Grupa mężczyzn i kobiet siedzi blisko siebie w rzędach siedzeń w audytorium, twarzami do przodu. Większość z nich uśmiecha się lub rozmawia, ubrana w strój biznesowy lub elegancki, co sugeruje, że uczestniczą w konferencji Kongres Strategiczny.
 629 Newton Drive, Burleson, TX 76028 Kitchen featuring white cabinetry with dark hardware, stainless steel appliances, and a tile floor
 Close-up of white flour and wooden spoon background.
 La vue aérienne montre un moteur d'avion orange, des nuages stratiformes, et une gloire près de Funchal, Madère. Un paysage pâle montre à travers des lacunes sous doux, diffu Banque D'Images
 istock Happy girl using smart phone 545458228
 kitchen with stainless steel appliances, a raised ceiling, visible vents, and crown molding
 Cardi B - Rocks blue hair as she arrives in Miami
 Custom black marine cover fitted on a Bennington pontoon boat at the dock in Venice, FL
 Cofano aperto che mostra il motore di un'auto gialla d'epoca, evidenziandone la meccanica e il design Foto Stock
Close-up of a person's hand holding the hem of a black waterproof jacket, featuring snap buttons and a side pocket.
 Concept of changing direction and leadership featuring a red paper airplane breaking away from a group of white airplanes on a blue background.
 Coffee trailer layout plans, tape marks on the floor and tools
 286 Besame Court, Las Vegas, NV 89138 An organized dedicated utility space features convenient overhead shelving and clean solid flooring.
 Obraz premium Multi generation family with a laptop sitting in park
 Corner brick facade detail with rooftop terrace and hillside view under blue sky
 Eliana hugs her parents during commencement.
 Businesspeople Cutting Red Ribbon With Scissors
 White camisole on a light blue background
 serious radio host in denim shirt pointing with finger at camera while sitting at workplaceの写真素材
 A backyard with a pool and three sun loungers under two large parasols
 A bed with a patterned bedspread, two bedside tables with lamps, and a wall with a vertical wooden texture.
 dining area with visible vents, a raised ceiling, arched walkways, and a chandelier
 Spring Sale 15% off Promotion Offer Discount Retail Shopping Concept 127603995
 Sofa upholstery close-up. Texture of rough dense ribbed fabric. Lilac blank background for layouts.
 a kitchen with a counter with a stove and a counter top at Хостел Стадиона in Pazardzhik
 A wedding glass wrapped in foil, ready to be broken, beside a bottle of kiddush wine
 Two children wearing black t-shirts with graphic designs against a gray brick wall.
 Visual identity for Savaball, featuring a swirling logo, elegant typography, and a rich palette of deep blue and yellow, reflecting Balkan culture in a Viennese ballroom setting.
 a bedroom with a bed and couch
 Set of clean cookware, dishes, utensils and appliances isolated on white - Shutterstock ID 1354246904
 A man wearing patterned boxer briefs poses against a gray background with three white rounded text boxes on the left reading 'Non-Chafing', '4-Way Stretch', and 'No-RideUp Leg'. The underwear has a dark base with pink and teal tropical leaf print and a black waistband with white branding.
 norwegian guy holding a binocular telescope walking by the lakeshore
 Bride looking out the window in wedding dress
# # # # # # #
§ Your task:
Scan the listing above for the word "black" and show each line where it is found.

§ Response below:
 Custom black marine cover fitted on a Bennington pontoon boat at the dock in Venice, FL
Close-up of a person's hand holding the hem of a black waterproof jacket, featuring snap buttons and a side pocket.
 Two children wearing black t-shirts with graphic designs against a gray brick wall.
 A man wearing patterned boxer briefs poses against a gray background with three white rounded text boxes on the left reading 'Non-Chafing', '4-Way Stretch', and 'No-RideUp Leg'. The underwear has a dark base with pink and teal tropical leaf print and a black waistband with white branding.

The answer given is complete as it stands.